I guess it would have to be the sunsets, if one were to recall what kinds of things one remembers most about South Naknek in the summers. You overlooked a wind-blown bay fed by a widening river, the Naknek. Some said it meant Snake in Athabascan Indian. Over a cliff behind Cliff Johnson’s Bar, one could see all this. And if somehow you lingered long in this Long Branch Saloon and found yourself wending homewards alone to your bunkhouse at near midnight, and looking up to a sunset that spread all across the sky, through ruffles of puffy, thin, wispy technicolor clouds, you knew you would remember clearly -- when sitting comfortably in your  respective abodes down below in the lower forty-eight -- those specatular nights. One did not have to look for the sunset. In Bristol Bay, the sunset  found you. It came to you like a constant visitor or the voice of the town-crier. Its colors flooded and spilled across the whole sky with streaks of rust-red, fire-yellow and petal-magenta. The sunsets did not last for only five or ten minutes, like the sunsets we know here. The sun lay low in the horizon and lingered for about an hour or two. It seemed to move along the horizon, first to the left and then to the right. The glory of the sunset held the people in awe, with the skies lit up in hues of gold and orange and purple and blood red, the clouds above in streaks of fire and silver. It always seemed a rare sight for us because we were always working. Those sunsets were actually always there. It was we, cannery workers, who were not.

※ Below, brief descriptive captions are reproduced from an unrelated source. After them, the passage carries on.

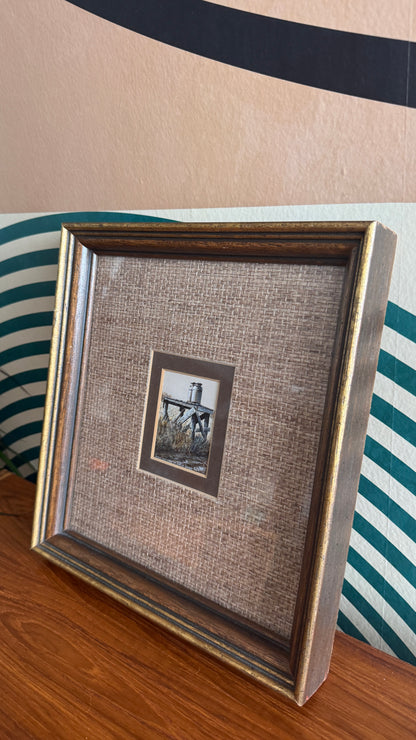 L. Gibbs – Field Sketch of Milk Cans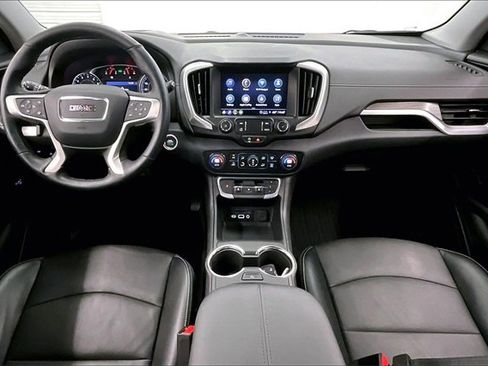 Used 2023 GMC Terrain SLT w/ Tech Package image 15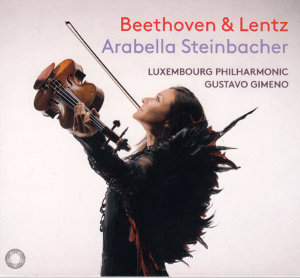 Beethoven & Lentz, Arabella Steinbacher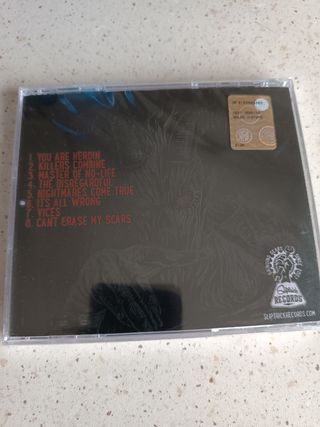 CD Heavy metal Doom Metalcore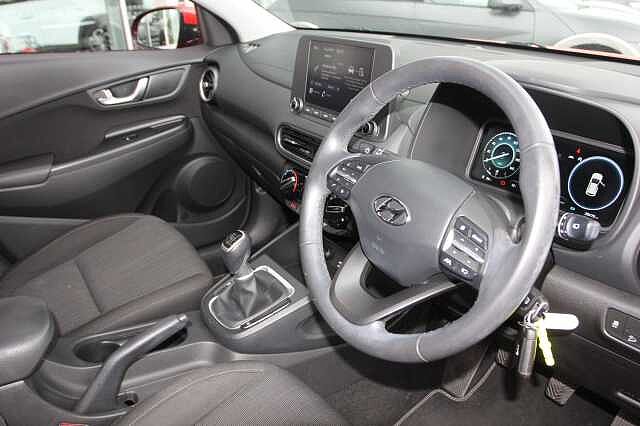 Hyundai KONA 1.0 TGDi 48V MHEV SE Connect 5dr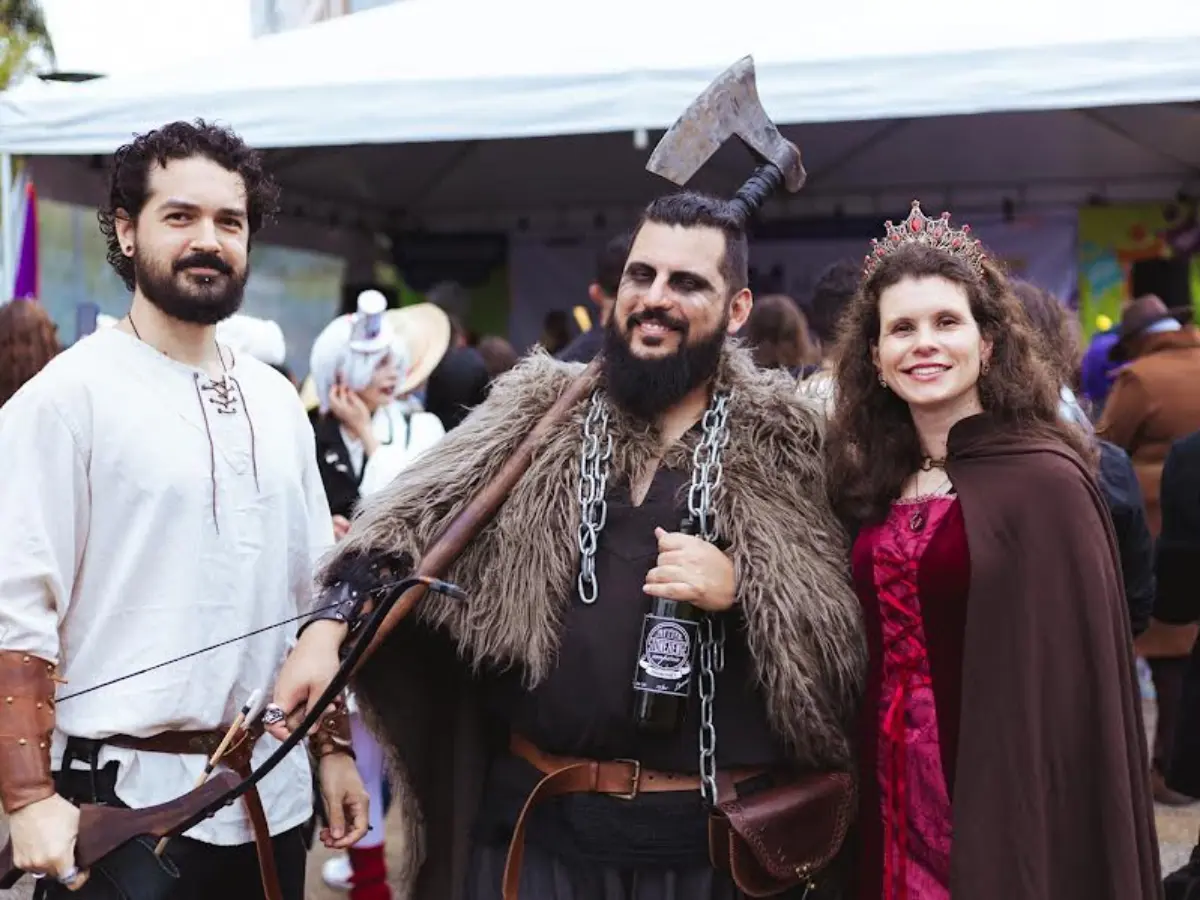 O maior festival de cultura pop a céu aberto de Santa Catarina está de volta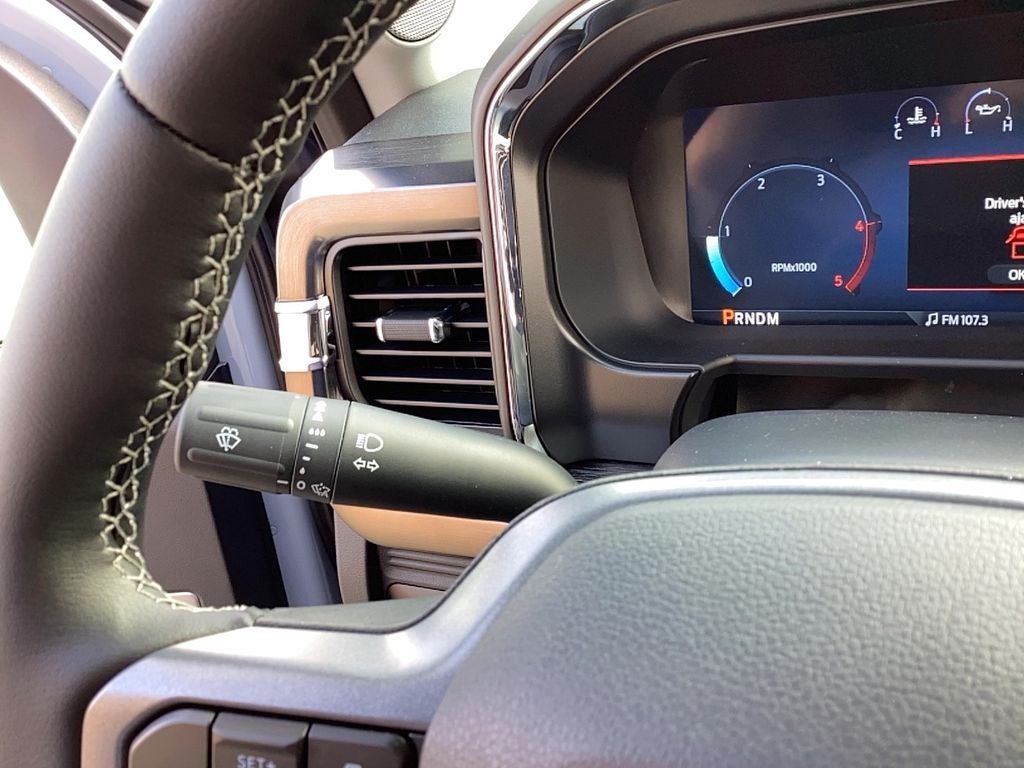 2026 Ford Super Duty F-350 SRW F-350® Lariat®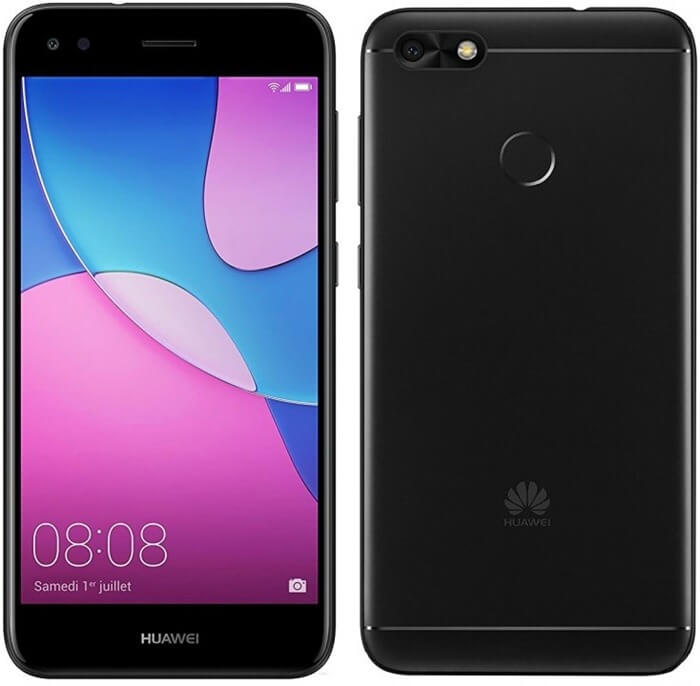 Huawei Nova Lite 2017 ouvre la cote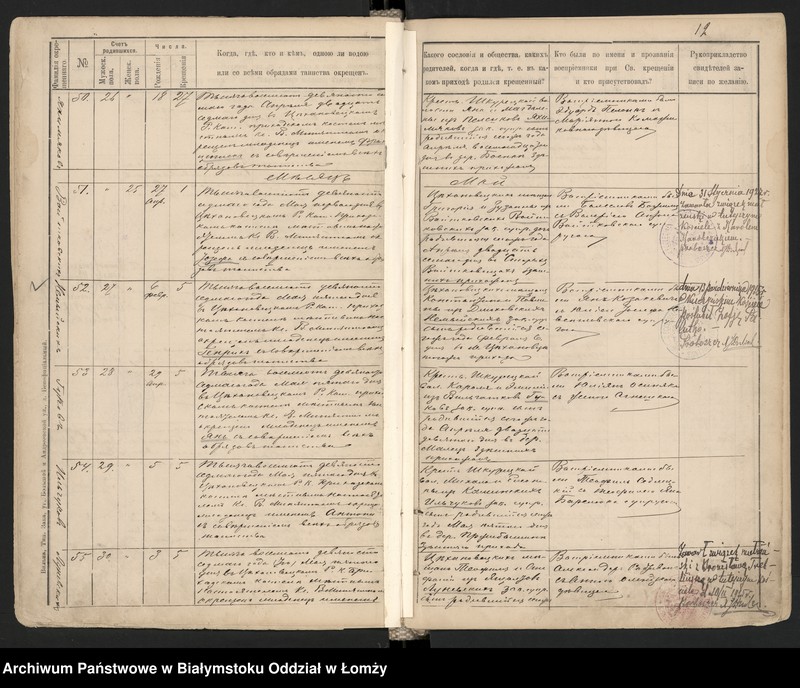 image.from.unit.number "Księga urodzeń"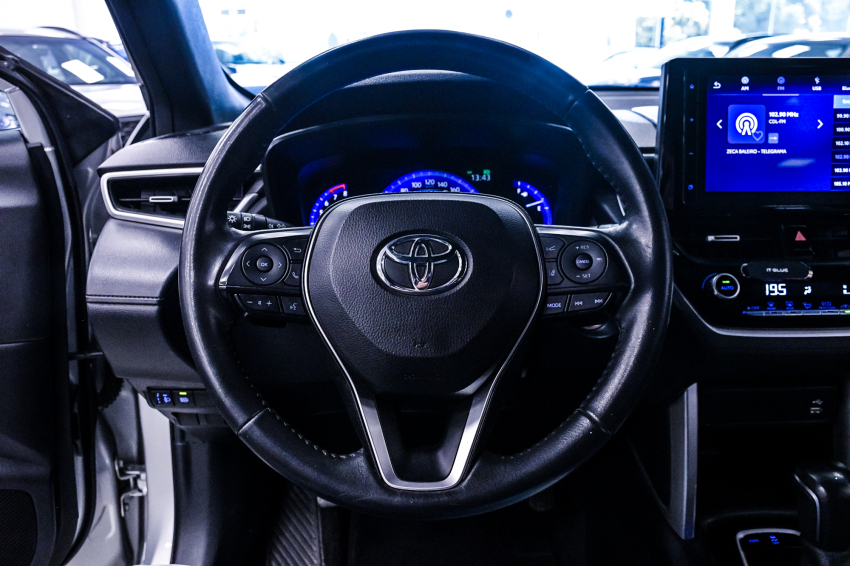 Toyota COROLLA CROSS 2.0 VVT-IE FLEX XRE DIRECT SHIFT 15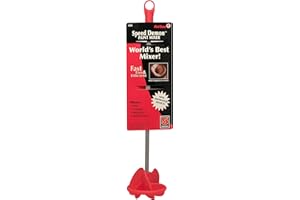 Red Devil 4066 Speed Demon 5 Gallon Paint Mixer, 1 Count (Pack of 1)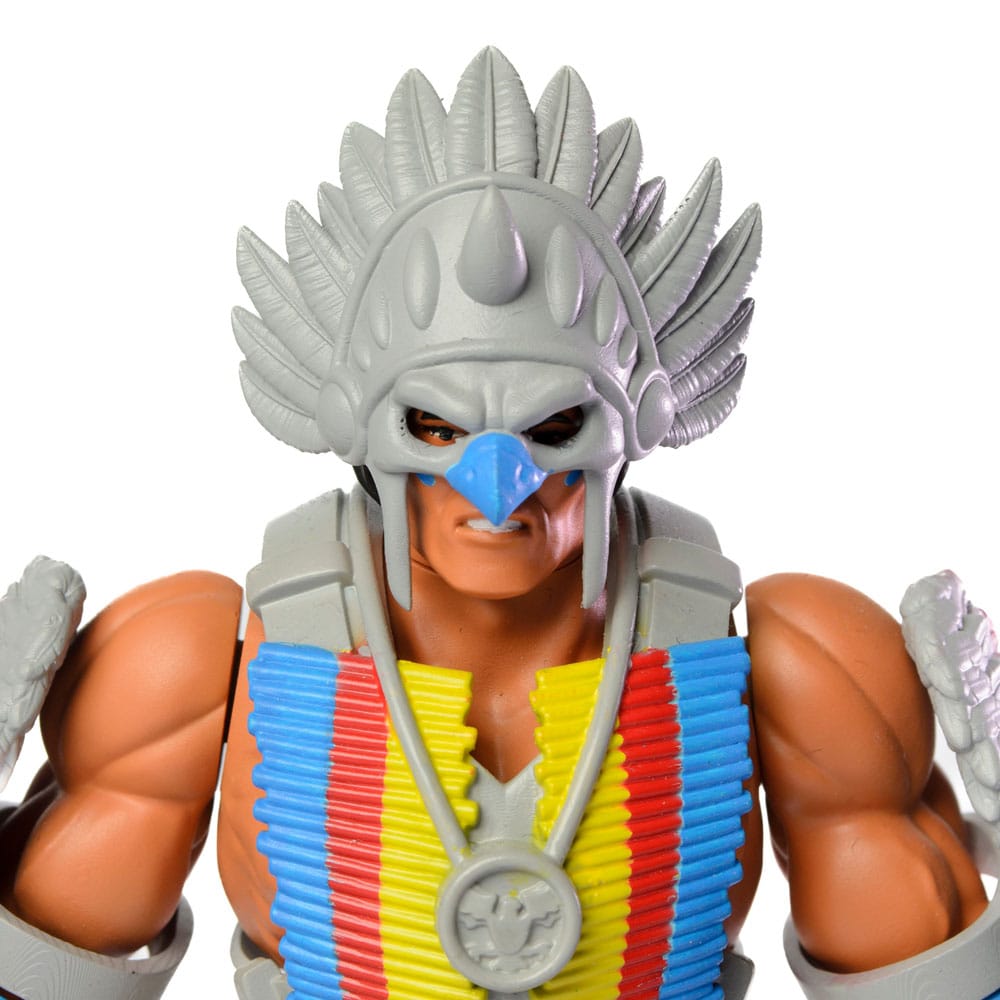 Legends of Dragonore Wave 2: Dragon Hunt Figura Chief Talon 14 cm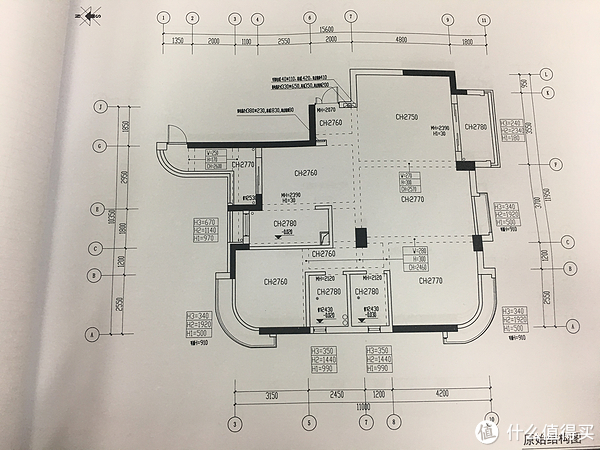 新房吊顶高度图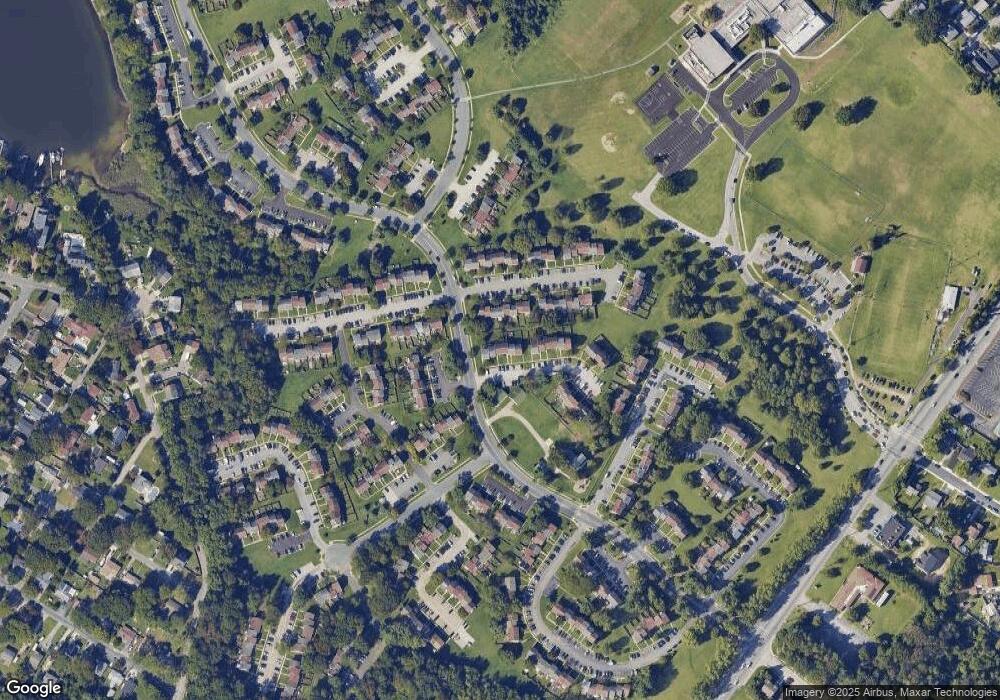 8644 Gambier Harbour, Pasadena, MD 21122 - photo 1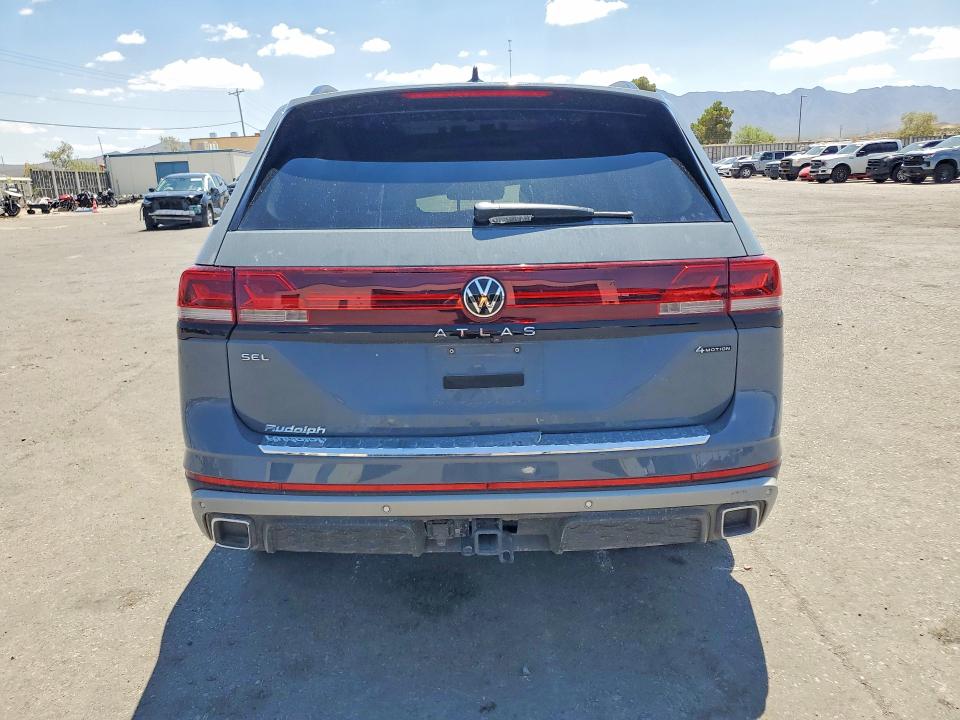 Aukcja sprzedaży 2024 Volkswagen Atlas, vin: 1V2GR2CA1RC575738, numer aukcji: 59990146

Cliff Johnson’s Bar was nicknamed the Long Branch Saloon. Ol’ Cliff Johnson is probably still around, still tends to the place at times. Like my Spanish-speaking mother always said: “La  mala yerba, nunca muere” (the bad weed never dies). He had an Aleut wife, Irma, and she had a lot of relatives that helped and hung around Ol’ Cliff Johnson. He’s definitely the richest man in the village, though he looks just like a commoner himself. Some made fun of that, some admired it. “What’s the use of having all those millions of dollars if you still smell like fish?” some would say. Yet others would say, “He worked for every penny he has now. Even if some of that money was acquired mysteriously, he risked his ass everytime.” Cliff Johnson, though in the sunset of his years, was one tough white man. A Filipino once shot him back in the forties. He pulled a gun right in front of Johnson and shot him almost point-blank. Somehow Johnson was only grazed on the head and when he came to, he started coming after the Filipino. But of course, the Pinoy knew when it was time to ”fight another day.”  He was gone before Johnson could clear the bar. The  Filipino’s close friend, a witness to that event,  told me this story himself. He said he did not know how his friend could miss. But then again, he said that his friend had been drinking all night. Something about him buying the groceries while someone else in his hometown was eating it now. That song “I Wonder Who’s Kissing Her Now”  was our foreman’s favorite. He sang that at least once a season. Everybody laughed above their loneliness. The gesture was comic, but the music and lyrics hit too close to home for many whose loved ones down below were loving someone else.

But Cliff Johnson’s Bar, called The Long Branch Saloon in local folklore, was not the only one so christened. In fact, if one really thought about it, there was hardly anything in South Naknek that was not renamed or “christened.”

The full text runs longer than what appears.